Mugabe off the hook

HARARE - Judge President Justice George Chiweshe yesterday threw President Robert Mugabe a lifeline, granting the Zanu PF strongman’s request to be excused from ordering by-elections in three constituencies.

Although it is not yet clear when elections would now be held since Chiweshe did not give reasons for his judgment, the High Court has given the 89-year-old leader some breathing space.

Legal experts told the Daily News yesterday that the judgment only refers to by-elections since the reference to the harmonised elections was dropped.

Lawyers representing three ex-legislators on Thursday argued that Mugabe’s argument that polls would be held on June 29 when Parliament expires was weak since the legislature’s lifespan could be extended by up to a year.

Mugabe, who last week missed the court’s deadline to proclaim by-elections by end of March, went to the High Court seeking an extension of a court order made last year.
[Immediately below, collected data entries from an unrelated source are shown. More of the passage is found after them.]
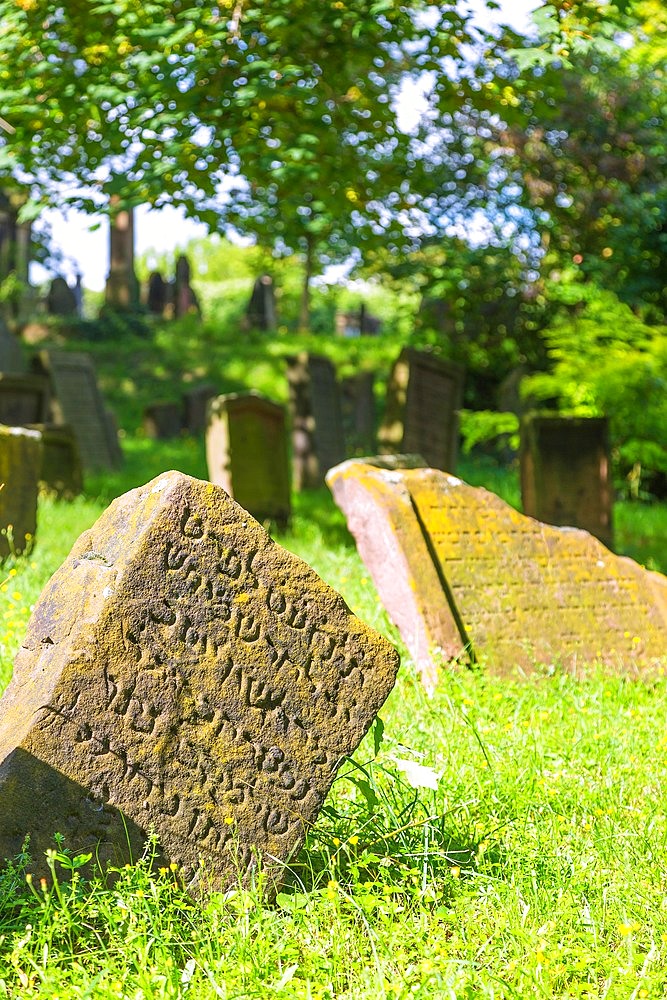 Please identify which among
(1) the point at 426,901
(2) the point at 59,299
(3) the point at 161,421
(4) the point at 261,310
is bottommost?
(1) the point at 426,901

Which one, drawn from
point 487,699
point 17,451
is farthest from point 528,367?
point 487,699

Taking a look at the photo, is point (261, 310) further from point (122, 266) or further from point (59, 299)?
point (59, 299)

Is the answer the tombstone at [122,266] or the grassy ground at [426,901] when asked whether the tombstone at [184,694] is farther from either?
the tombstone at [122,266]

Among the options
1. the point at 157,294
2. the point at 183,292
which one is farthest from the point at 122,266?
the point at 157,294

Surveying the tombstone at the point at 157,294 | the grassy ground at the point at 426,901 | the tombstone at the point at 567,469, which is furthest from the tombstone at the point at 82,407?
the tombstone at the point at 157,294

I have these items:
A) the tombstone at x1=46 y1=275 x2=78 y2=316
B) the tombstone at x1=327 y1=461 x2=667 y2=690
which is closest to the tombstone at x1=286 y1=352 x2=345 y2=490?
the tombstone at x1=327 y1=461 x2=667 y2=690

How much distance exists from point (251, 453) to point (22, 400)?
3957 millimetres

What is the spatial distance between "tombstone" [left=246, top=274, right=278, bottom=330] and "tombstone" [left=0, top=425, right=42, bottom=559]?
19868mm

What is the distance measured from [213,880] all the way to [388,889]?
1.66 feet

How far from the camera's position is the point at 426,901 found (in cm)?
300

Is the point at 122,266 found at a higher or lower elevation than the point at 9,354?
higher

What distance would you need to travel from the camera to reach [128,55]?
917 cm

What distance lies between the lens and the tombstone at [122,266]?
26734 mm

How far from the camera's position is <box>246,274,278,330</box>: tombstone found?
27188 mm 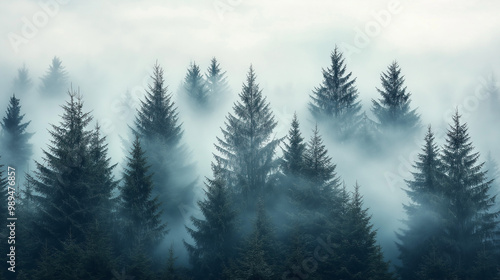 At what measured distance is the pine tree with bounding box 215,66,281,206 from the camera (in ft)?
119

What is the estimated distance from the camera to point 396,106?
4634 cm

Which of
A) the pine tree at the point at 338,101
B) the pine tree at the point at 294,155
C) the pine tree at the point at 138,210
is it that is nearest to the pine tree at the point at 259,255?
the pine tree at the point at 294,155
He argued that since general elections are around the corner, the overdue by-elections would be synchronised with a watershed election on June 29.

However, Tsvangirai filed a court application arguing that general elections could only be held in September and not June as envisaged by Mugabe.
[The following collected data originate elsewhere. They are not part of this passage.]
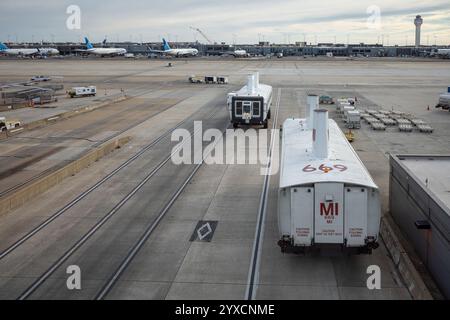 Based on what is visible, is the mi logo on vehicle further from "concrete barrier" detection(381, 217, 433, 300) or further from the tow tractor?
the tow tractor

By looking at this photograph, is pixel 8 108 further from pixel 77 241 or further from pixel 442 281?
pixel 442 281

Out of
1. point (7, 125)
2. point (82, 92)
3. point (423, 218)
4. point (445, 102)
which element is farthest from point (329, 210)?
point (82, 92)

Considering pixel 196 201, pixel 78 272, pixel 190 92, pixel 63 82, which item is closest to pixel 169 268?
pixel 78 272

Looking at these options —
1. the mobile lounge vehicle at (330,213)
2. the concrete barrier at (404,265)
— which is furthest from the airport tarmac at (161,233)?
the mobile lounge vehicle at (330,213)

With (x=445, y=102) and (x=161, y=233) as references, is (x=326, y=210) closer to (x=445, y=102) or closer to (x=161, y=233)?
(x=161, y=233)

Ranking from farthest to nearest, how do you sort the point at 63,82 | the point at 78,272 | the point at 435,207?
the point at 63,82 → the point at 78,272 → the point at 435,207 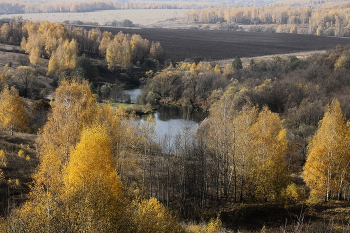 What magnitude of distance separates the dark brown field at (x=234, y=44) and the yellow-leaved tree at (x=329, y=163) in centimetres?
9305

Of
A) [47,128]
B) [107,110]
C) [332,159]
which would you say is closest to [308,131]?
[332,159]

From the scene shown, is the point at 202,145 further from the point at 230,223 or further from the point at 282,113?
the point at 282,113

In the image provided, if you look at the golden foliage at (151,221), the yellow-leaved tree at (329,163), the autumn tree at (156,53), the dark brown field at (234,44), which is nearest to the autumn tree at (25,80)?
the autumn tree at (156,53)

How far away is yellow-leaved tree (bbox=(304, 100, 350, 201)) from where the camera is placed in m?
29.9

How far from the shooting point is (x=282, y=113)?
6331 cm

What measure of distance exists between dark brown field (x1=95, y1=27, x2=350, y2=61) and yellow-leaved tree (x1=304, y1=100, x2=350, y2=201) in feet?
305

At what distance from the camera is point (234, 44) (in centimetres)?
15775

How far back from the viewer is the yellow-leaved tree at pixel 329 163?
98.0 feet

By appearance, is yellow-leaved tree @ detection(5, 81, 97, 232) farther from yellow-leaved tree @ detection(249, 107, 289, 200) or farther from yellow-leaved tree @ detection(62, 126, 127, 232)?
yellow-leaved tree @ detection(249, 107, 289, 200)

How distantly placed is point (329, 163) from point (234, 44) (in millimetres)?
134228

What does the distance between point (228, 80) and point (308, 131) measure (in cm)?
3784

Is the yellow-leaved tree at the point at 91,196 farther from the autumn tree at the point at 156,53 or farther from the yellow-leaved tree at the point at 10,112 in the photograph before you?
the autumn tree at the point at 156,53

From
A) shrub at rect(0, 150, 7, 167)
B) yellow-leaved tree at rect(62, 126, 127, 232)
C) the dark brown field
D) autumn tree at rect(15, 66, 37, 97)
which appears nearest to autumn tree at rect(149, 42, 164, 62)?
the dark brown field

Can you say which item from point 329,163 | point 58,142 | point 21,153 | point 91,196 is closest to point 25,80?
point 21,153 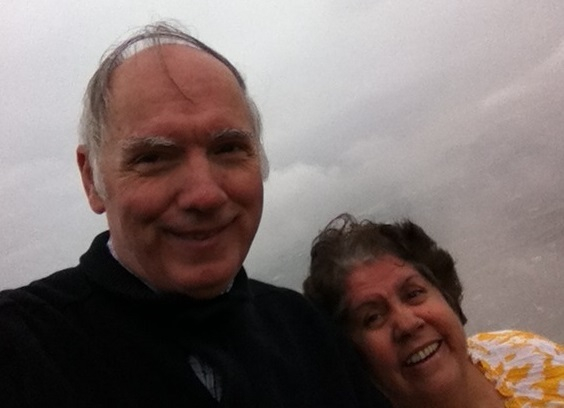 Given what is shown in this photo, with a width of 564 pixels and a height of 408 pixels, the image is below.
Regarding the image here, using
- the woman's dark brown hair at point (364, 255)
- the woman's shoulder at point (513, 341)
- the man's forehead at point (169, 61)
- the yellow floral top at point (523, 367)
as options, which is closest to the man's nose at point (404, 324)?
the woman's dark brown hair at point (364, 255)

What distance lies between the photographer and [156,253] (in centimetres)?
149

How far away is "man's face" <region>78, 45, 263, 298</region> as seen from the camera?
144 cm

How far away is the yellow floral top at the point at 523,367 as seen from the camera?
2416 mm

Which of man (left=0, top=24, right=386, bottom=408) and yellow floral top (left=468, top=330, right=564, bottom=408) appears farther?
yellow floral top (left=468, top=330, right=564, bottom=408)

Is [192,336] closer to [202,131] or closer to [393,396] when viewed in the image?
[202,131]

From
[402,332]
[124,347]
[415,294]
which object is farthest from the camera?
[415,294]

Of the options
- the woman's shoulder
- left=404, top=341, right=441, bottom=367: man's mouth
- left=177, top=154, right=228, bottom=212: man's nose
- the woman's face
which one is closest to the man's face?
left=177, top=154, right=228, bottom=212: man's nose

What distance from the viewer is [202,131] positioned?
1467 mm

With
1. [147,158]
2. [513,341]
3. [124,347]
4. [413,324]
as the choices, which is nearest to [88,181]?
[147,158]

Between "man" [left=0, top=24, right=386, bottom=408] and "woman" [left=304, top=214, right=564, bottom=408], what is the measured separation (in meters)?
0.81

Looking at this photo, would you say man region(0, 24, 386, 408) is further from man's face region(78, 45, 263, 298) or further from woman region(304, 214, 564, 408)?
woman region(304, 214, 564, 408)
After pressure from Tsvangirai, Mugabe had to amend his court application to remove his argument that polls would be held by June 29.
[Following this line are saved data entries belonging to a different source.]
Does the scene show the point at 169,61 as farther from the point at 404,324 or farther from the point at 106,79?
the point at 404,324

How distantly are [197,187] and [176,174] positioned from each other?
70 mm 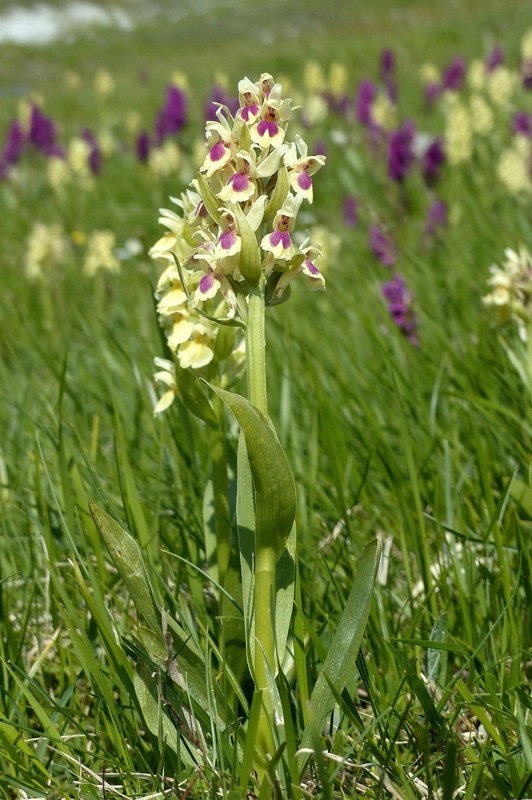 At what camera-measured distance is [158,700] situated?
98 centimetres

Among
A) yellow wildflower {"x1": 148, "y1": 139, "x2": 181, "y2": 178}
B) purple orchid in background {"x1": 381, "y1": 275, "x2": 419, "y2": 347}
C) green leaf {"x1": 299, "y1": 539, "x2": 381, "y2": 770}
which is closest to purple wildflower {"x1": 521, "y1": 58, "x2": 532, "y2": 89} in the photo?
yellow wildflower {"x1": 148, "y1": 139, "x2": 181, "y2": 178}

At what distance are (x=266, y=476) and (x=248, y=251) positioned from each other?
0.82 ft

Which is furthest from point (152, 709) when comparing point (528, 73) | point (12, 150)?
point (12, 150)

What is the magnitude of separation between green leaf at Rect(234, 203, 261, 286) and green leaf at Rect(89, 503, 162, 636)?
323mm

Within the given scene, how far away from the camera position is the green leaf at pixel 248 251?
926 mm

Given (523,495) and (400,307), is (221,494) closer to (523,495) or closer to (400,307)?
(523,495)

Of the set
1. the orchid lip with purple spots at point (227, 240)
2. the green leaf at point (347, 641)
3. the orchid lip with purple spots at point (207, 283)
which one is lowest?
the green leaf at point (347, 641)

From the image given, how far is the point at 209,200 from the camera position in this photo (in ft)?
3.20

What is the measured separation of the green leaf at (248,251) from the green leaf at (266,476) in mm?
160

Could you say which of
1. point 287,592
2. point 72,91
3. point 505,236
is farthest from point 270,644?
point 72,91

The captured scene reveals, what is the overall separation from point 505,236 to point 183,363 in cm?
214

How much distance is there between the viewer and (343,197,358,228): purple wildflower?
14.1 feet

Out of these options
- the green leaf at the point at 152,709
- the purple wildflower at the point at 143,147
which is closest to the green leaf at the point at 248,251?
the green leaf at the point at 152,709

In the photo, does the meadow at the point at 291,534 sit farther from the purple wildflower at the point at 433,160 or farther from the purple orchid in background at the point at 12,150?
the purple orchid in background at the point at 12,150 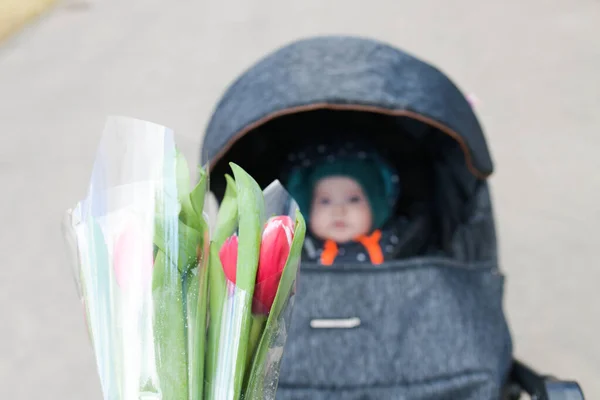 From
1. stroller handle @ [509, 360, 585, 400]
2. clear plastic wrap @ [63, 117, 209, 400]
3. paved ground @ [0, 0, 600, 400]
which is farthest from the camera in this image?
paved ground @ [0, 0, 600, 400]

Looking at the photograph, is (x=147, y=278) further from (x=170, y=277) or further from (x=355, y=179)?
(x=355, y=179)

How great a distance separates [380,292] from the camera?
0.88m

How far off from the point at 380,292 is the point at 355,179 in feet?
1.37

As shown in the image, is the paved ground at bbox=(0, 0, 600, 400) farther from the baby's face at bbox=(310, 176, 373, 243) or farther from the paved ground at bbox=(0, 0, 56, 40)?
the baby's face at bbox=(310, 176, 373, 243)

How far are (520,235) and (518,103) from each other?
0.60 m

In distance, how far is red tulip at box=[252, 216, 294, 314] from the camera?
0.46 meters

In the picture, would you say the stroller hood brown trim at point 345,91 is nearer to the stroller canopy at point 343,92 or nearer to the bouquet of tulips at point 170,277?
the stroller canopy at point 343,92

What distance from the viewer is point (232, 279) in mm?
468

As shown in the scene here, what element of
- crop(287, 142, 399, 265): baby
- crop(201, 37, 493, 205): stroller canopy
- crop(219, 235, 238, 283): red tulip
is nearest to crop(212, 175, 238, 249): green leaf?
crop(219, 235, 238, 283): red tulip

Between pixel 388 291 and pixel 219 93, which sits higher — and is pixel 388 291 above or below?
below

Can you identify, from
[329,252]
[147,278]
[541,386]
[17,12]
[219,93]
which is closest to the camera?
[147,278]

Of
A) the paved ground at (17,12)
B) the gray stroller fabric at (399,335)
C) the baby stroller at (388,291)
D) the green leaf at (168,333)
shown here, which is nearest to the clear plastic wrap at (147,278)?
the green leaf at (168,333)

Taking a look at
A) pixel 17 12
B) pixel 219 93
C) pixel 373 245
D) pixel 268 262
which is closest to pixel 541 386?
pixel 373 245

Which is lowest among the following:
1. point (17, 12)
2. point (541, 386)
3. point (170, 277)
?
point (541, 386)
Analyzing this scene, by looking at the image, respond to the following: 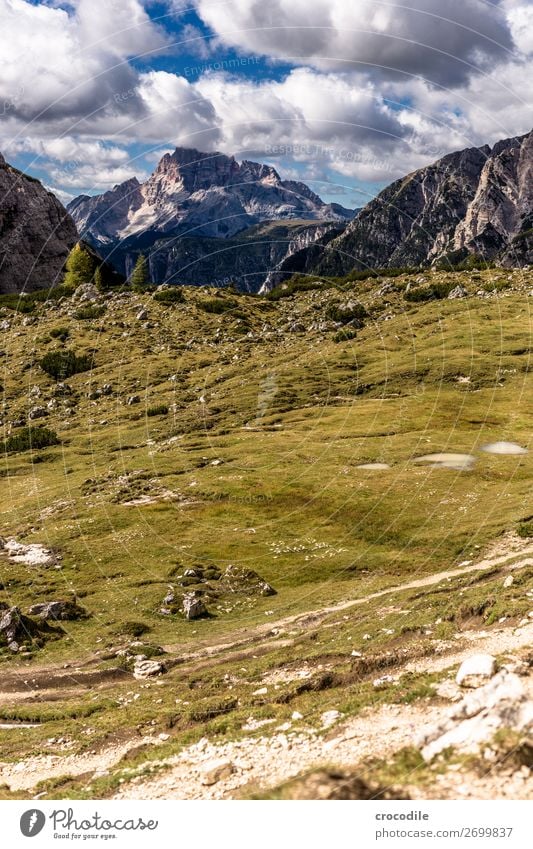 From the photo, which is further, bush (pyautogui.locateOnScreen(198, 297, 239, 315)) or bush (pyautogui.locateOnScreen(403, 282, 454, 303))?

Mugabe requested the High Court to excuse him from fulfilling his earlier application in the same courts.

The Zimbabwe leader, who has been under pressure to call for by-elections in three constituencies of Nkayi South, Bulilima East and Lupane East since last year, now has some breathing space after Chiweshe’s order.

“After reading documents filed of record and hearing counsel, it is ordered that the applicant be and is hereby excused from performance of the order of this honourable court granted on 2 October 2012,” Chiweshe said in his ruling.

Last October, Chiweshe granted an order allowing Mugabe more time to call for elections from the October 1, 2012 deadline that had been given by the same court and upheld by the Supreme Court.

In his earlier application, the veteran leader argued that the inclusive government was facing financial problems and that it could not hold by-elections in three Matabeleland constituencies hence the need for the by-elections to be subsumed into general elections.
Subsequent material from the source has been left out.